### Exercise directions
After finding the line with "Wilsons Leather Maxima" in the data below, set down exactly each line through the one with "3D Pink PSD", inclusive, and stop there.

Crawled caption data

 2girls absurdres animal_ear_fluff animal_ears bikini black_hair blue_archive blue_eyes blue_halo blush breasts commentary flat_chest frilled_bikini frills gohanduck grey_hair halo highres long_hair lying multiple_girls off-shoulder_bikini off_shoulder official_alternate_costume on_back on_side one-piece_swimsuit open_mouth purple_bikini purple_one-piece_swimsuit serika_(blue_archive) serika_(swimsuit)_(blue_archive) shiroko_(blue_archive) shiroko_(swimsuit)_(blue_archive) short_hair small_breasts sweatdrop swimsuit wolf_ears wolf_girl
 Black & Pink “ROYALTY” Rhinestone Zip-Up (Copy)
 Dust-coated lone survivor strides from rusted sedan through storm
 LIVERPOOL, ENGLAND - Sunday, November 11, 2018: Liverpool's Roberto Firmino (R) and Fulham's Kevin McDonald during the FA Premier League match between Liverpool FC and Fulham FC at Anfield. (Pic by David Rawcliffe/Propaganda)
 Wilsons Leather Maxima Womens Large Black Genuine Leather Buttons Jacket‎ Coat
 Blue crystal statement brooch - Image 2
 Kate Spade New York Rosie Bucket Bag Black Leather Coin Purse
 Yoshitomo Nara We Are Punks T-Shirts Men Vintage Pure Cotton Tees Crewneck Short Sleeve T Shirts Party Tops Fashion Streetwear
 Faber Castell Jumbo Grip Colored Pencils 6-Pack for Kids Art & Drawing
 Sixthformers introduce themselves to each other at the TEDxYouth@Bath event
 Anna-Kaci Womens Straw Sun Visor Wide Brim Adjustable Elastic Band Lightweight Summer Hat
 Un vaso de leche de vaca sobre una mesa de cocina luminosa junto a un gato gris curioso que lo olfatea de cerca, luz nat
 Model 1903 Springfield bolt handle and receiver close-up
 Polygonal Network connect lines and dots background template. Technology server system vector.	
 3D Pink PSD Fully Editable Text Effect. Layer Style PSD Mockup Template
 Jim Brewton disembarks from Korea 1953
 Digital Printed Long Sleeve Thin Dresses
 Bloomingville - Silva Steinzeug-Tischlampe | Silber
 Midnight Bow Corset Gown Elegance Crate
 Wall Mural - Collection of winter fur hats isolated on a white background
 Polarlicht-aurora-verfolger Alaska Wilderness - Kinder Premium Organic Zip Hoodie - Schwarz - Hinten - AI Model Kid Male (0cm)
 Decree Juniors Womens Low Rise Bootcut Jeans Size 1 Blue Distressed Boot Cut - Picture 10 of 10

### Task output
 Wilsons Leather Maxima Womens Large Black Genuine Leather Buttons Jacket‎ Coat
 Blue crystal statement brooch - Image 2
 Kate Spade New York Rosie Bucket Bag Black Leather Coin Purse
 Yoshitomo Nara We Are Punks T-Shirts Men Vintage Pure Cotton Tees Crewneck Short Sleeve T Shirts Party Tops Fashion Streetwear
 Faber Castell Jumbo Grip Colored Pencils 6-Pack for Kids Art & Drawing
 Sixthformers introduce themselves to each other at the TEDxYouth@Bath event
 Anna-Kaci Womens Straw Sun Visor Wide Brim Adjustable Elastic Band Lightweight Summer Hat
 Un vaso de leche de vaca sobre una mesa de cocina luminosa junto a un gato gris curioso que lo olfatea de cerca, luz nat
 Model 1903 Springfield bolt handle and receiver close-up
 Polygonal Network connect lines and dots background template. Technology server system vector.	
 3D Pink PSD Fully Editable Text Effect. Layer Style PSD Mockup Template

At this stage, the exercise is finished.